I was able to improve the performance of the program by about 900% without understanding or changing much of the algorithm in about an hour. Here's what I did:

First of all, you need a benchmark. It's very simple, just time your program

start = time.time()
solve(grid)
print(time.time()-start)

On my computer, it took about 4.5 seconds. This is our baseline.

The next thing is to profile. The tool I chose is VizTracer, which is developed by myself :) https://github.com/gaogaotiantian/viztracer

VizTracer will generate an HTML report(or json that could be loaded by chrome:://tracing) of timeline of your code execution. It looks like this in your original version:

Original version

As you can tell, there are a lot of calls on there. The thing we need to do is to figure out what is the bottleneck here. The structure is not complicated, a lot of fill_singles are called, and we need to zoom in to check what's in there.

Original Zoom in

It's very clear that get_candidates is the function that caused most of the time in fill_singles, which is occupying most of the timeline. So that's the function we want to take a look at first.

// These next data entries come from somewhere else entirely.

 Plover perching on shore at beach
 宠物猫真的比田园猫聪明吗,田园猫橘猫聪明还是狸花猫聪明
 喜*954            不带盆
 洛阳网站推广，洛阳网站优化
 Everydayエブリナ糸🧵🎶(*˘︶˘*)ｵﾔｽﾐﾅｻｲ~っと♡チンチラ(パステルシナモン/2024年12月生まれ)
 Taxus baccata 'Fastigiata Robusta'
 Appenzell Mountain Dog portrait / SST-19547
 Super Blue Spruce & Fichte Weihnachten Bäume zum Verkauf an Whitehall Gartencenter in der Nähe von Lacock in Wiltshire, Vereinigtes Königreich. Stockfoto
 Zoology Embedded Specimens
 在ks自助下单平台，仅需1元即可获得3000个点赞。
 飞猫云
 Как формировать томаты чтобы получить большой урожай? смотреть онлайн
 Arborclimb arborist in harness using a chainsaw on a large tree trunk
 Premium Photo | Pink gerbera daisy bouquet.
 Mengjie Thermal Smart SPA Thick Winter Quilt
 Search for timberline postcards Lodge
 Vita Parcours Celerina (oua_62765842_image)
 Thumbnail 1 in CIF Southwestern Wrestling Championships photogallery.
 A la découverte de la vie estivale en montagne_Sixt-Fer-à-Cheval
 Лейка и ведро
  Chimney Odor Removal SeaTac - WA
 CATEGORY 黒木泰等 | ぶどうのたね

def get_candidates(grid : np.ndarray) -> list:
 """Get a list of candidates to fill empty cells of the input grid"""
 def subgrid_index(i, j):
 return (i//3) * 3 + j // 3
 subgrids = get_subgrids(grid)
 grid_candidates = []
 for i in range(9):
 row_candidates = []
 for j in range(9):
 # Row, column and subgrid digits
 row = set(grid[i])
 col = set(grid[:, j])
 sub = set(subgrids[subgrid_index(i, j)])
 common = row | col | sub
 candidates = set(range(10)) - common
 # If the case is filled take its value as the only candidate
 if not grid[i][j]:
 row_candidates.append(list(candidates))
 else:
 row_candidates.append([grid[i][j]])
 grid_candidates.append(row_candidates)
 return grid_candidates

The thing that caught my eyes first was the end of your nested for loop. You checked whether grid[i][j] is filled. If it is, then that's the only candidate. However, if it's filled, then it has nothing to do with candidates, which you computed very hard in your nested for loop.

So the first thing I did was moving the check to the beginning of the for loop.

 for i in range(9):
 row_candidates = []
 for j in range(9):
 if grid[i][j]:
 row_candidates.append([grid[i][j]])
 continue
 # Row, column and subgrid digits
 row = set(grid[i])
 col = set(grid[:, j])
 sub = set(subgrids[subgrid_index(i, j)])
 common = row | col | sub
 candidates = set(range(10)) - common
 row_candidates.append(list(candidates))

This optimization alone cut the running time in half, we are at about 2.3s now.

Then I noticed in your nested for loop, you are doing a lot of redundant set operations. Even row/col/sub only needs to be computed 9 times, you are computing it 81 times, which is pretty bad. So I moved the computation out of the for loop.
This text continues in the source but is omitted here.